We looked at what KV cache is, why it is helpful, and how to use it with Hugging Face models. It saves keys and values in memory so the model does not have to calculate over and over again for each token.

We only looked at decoder models, but Hugging Face has other models as well. Hugging Face also supports other kinds of cache, such as Cache offloading, Quantized cache, Encoder-decoder cache, and Model-specific cache. But basic idea is the same.

To learn more about thse, check KV cache strategies from Hugging Face documentation.

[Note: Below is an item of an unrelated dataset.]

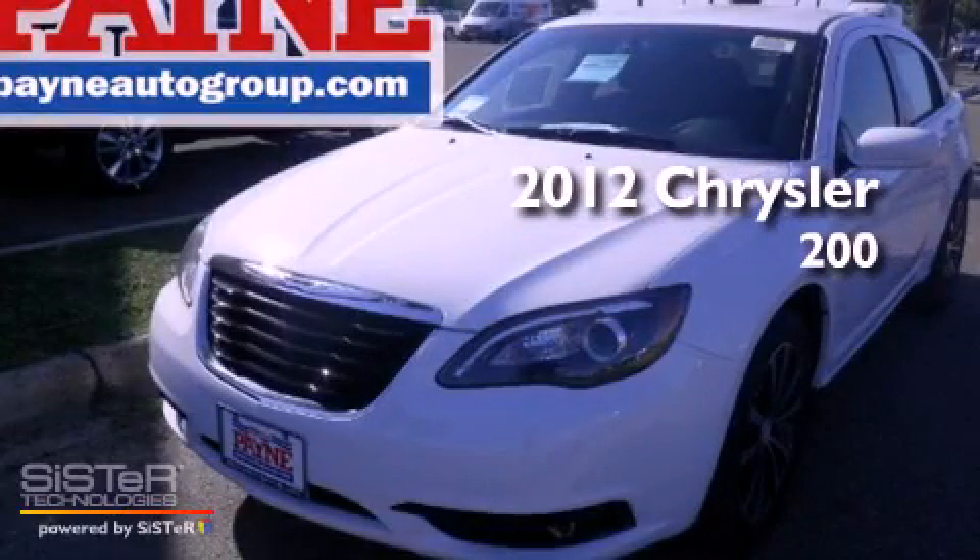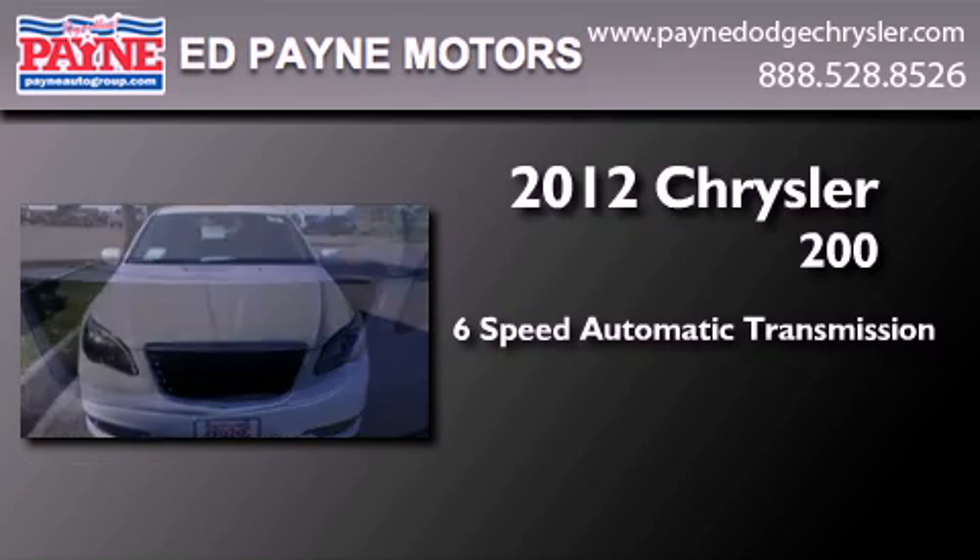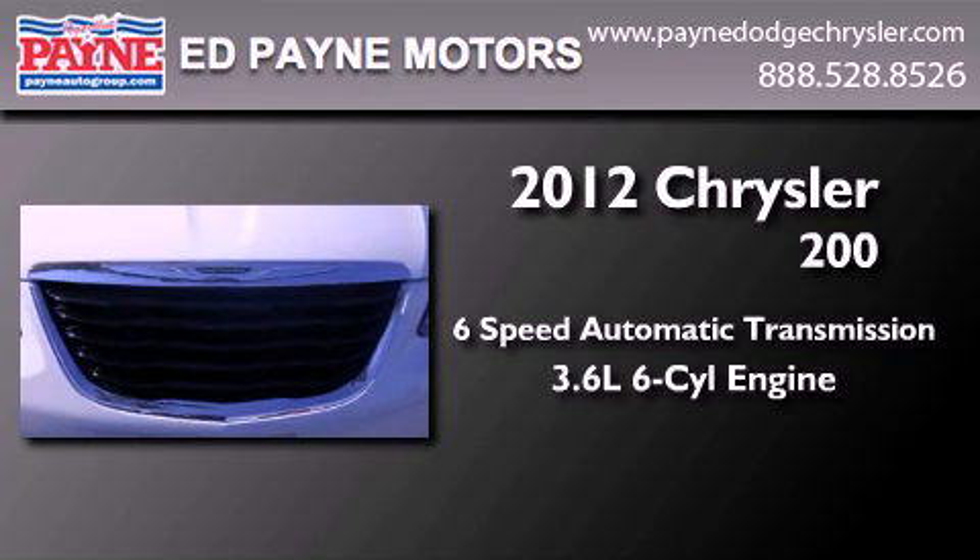This is a brand new 2012 Chrysler 200. This car has a 6-speed automatic transmission and a 3.6-liter V6.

I didn’t go into details when explaining the transformer in LLMs. If you would like to learn more, you can learn more in a youtube video, Transformers, the tech behind LLMs | Deep Learning Chapter 5 by 3Blue1Brown and illustraed-gpt2 by Jay Lammar. With cool visualizations, it is very easy to grasp concepts.

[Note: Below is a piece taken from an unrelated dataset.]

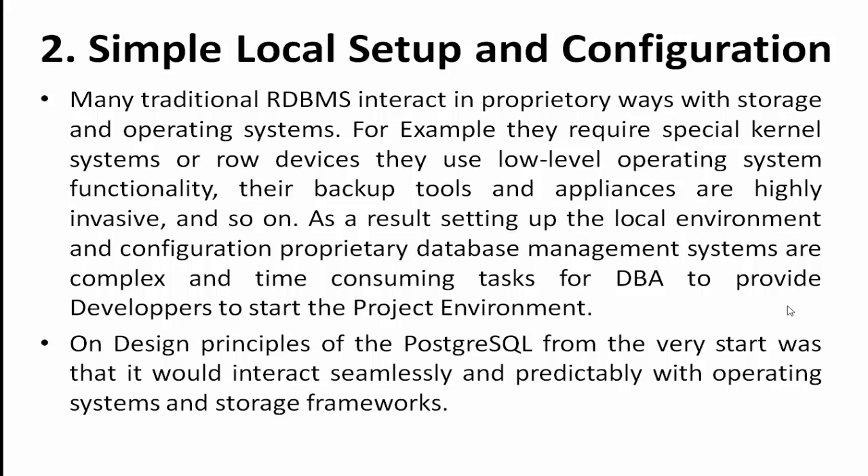Many traditional DBMS products interact in proprietary ways with storage and operating systems — for example, requiring special kernel settings or raw devices, using low-level OS functionality, and using highly invasive backup tools. As a result, setting up a local environment for proprietary database systems is a complex and time-consuming task for DBAs. PostgreSQL was designed from the start to interact seamlessly and predictably with operating system and storage frameworks.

If you want to learn more in detail with code, I recommend Let’s build GPT: from scratch, in code, spelled out. by Andrej Karpathy and LLMs-from-scratch by Sebastian Raschka. Karpathy makes good videos with code. I also recommend watching Let’s reproduce GPT-2 (124M) which includes awesome details about how to pretrain gpt2. LLMs-from-scratch is also great for learning LLMs as it starts from gpt2. I really love this repo as it includes more advanced concepts not used in gpt2, such as kv cache, group query attention, rotary embeddings, llama and qwen architectures, and so on. The advanced concepts are not explained in as much in depth as gpt2, but very awesome.